ACTION ITEM
Where the word "Vest" appears in a line of the entries below, count that line and give the total alone.
##### RECORDS SHOWN
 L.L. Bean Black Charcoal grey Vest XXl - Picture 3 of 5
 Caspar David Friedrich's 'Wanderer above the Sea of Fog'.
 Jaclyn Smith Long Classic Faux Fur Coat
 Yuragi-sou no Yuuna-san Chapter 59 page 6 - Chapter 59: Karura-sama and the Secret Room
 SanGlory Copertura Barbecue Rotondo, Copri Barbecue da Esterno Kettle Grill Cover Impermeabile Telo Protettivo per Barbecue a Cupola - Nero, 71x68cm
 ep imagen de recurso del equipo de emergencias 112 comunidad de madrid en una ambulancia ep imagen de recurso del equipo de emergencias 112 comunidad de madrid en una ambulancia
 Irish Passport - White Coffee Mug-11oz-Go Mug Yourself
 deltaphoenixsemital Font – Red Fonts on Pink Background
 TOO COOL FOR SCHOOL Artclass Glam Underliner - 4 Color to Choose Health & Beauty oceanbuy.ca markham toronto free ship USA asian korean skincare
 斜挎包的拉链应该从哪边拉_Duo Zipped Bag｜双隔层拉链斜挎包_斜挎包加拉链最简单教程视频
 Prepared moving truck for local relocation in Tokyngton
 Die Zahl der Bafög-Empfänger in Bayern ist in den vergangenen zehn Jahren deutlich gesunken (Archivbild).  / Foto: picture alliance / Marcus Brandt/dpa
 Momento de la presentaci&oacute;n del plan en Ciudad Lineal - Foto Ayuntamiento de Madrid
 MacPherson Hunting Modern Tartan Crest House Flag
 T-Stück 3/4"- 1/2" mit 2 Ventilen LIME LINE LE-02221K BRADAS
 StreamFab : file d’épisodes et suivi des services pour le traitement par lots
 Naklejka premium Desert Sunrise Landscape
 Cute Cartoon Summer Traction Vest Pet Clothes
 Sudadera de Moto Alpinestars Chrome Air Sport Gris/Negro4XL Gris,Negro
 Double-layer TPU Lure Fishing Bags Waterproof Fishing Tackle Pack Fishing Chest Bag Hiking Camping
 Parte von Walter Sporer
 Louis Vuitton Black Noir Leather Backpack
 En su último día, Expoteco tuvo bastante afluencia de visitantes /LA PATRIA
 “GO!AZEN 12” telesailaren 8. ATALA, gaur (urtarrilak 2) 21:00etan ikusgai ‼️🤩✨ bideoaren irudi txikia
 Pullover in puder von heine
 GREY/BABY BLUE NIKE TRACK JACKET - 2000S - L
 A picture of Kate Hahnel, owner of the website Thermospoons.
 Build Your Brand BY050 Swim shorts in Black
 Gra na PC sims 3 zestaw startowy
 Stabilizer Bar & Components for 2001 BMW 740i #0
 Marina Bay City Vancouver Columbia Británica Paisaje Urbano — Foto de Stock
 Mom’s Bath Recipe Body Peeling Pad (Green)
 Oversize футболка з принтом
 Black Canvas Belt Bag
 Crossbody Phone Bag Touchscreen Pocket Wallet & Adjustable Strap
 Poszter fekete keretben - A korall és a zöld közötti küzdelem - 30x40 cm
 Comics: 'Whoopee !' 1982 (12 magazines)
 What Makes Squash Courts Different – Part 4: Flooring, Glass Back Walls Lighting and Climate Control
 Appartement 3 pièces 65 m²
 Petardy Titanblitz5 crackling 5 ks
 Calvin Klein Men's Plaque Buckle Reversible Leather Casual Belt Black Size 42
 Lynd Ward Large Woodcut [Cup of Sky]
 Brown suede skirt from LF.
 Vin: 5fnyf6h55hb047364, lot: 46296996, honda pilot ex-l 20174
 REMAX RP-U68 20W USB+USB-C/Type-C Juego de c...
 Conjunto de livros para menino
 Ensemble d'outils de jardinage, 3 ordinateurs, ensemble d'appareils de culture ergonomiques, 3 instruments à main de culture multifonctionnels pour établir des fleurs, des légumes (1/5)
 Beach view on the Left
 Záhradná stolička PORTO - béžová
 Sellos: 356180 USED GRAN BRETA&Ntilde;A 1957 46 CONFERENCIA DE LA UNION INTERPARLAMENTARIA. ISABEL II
##########
TASK RESULT
2